Let users make their own decisions about what they want to see
Another recent trend has to been to rely heavily on machine-learning and "personalization algorithms" to determine what you see when you visit a site. These can work well, but they also often jump to wildly wrong conclusions. To quote one of my favorite tweets on the topic:
Me: watches a single YouTube tutorial so I can fix my door hinge
YouTube: WHAT'S UP, HINGE-LOVER? HERE ARE THE TOP 1000 VIDEOS FROM THE HINGER COMMUNITY THIS WEEK. CHECK OUT THIS TRENDING HINGE CONTENT FROM ENGAGING HINGEFLUENCERS
These algorithms have largely replaced predictable and chronological feeds, instead trying to addict users by turning the experience into a slot machine where we're never sure if we're "done" or what content we're going to be given.

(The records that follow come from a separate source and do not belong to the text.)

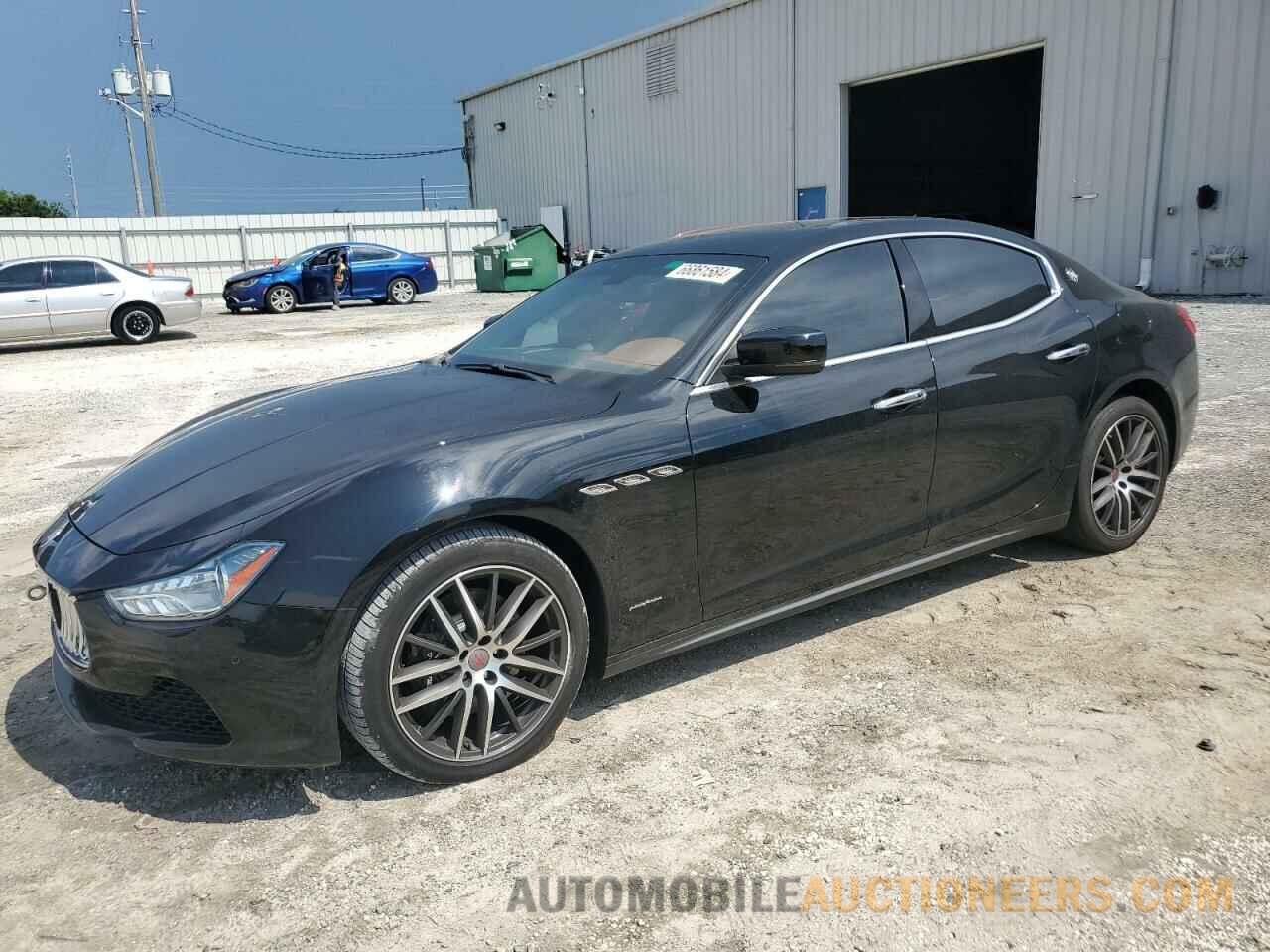 ZAM57RTA5G1178044 MASERATI ALL MODELS 2016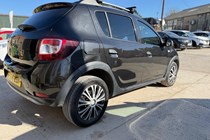 Dacia Sandero Stepway (13-21) 0.9 TCe Ambiance 5d For Sale - Oxford Automotive, Kidlington
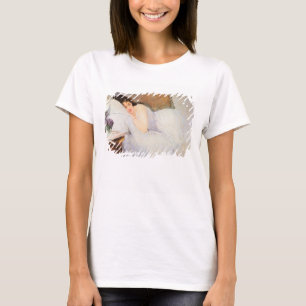 Camiseta Mujer que despierta, 1876 (aceite en lona)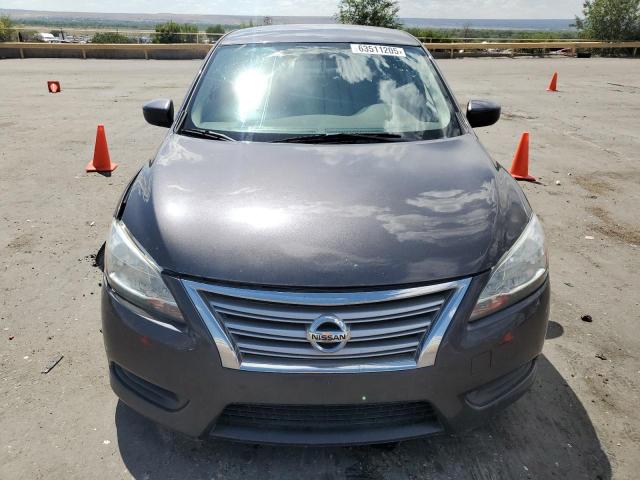  NISSAN SENTRA 2015 Серый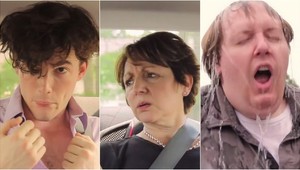 Čo prežíva DIEŤA, ak ho zabudnete v rozpálenom aute? Dospelí to skúsili!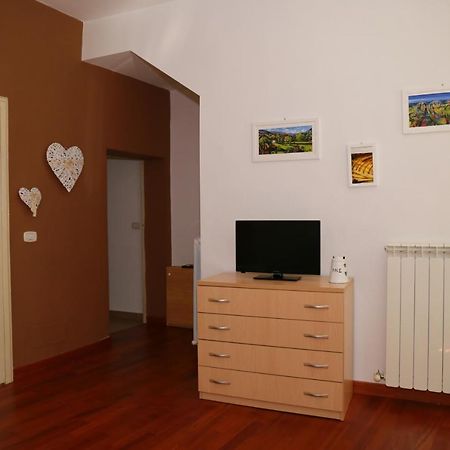 La Casetta Di Renato Mormanno Buitenkant foto
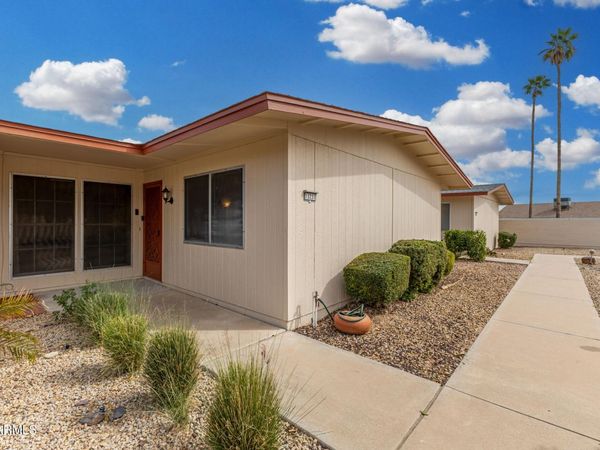 13237 W Aleppo Drive, Unit 7, Sun City West, AZ 85375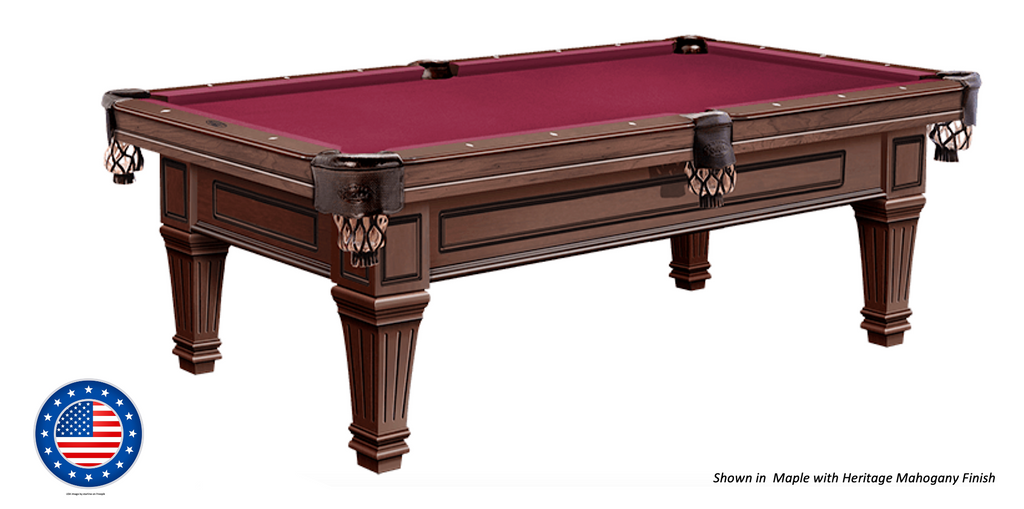 Olhausen Kirkwood Pool Table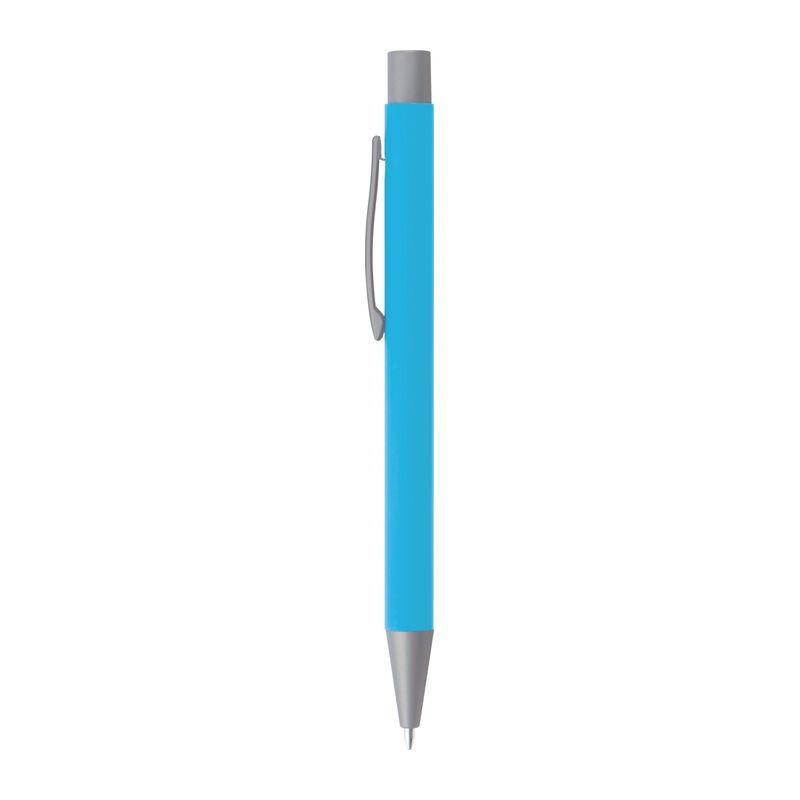 Stilou metalic Rockford Light Blue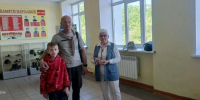 Верхнеуслонские школьники встретились с бойцом СВО - Волжская новь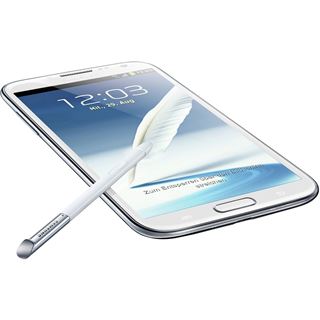 Samsung Galaxy Note 2 LTE N7105 16 GB weiß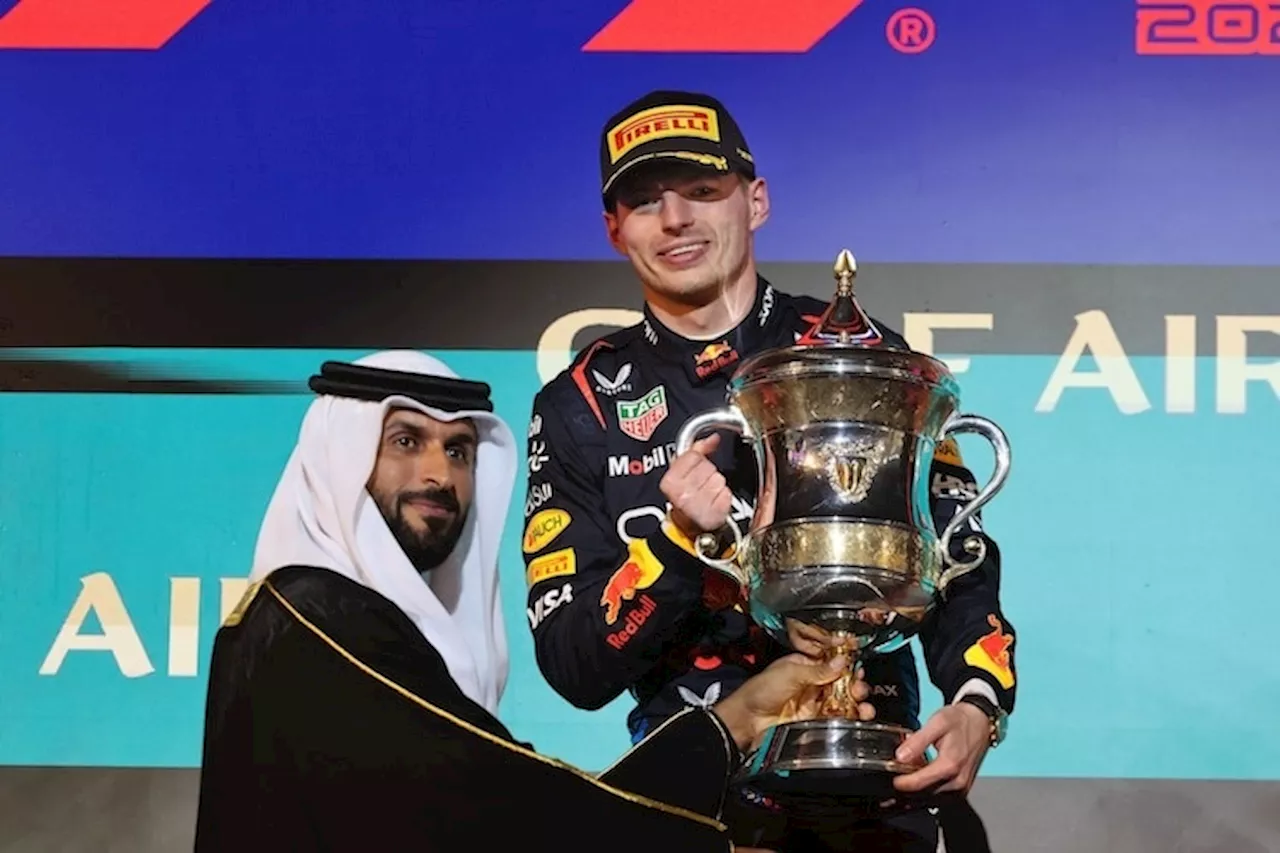 Toto Wolff: Max Verstappen in einer anderen Galaxie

On Tildes, I want to stick to predictable ways to view content, along with using additional information (such as metadata and tags) to give users flexible methods of deciding for themselves what they want to see (and not see). Once again, since Tildes doesn't need to prioritize growth or show ads, it can stay away from manipulative mechanics and focus on just helping users find what they want as easily as possible.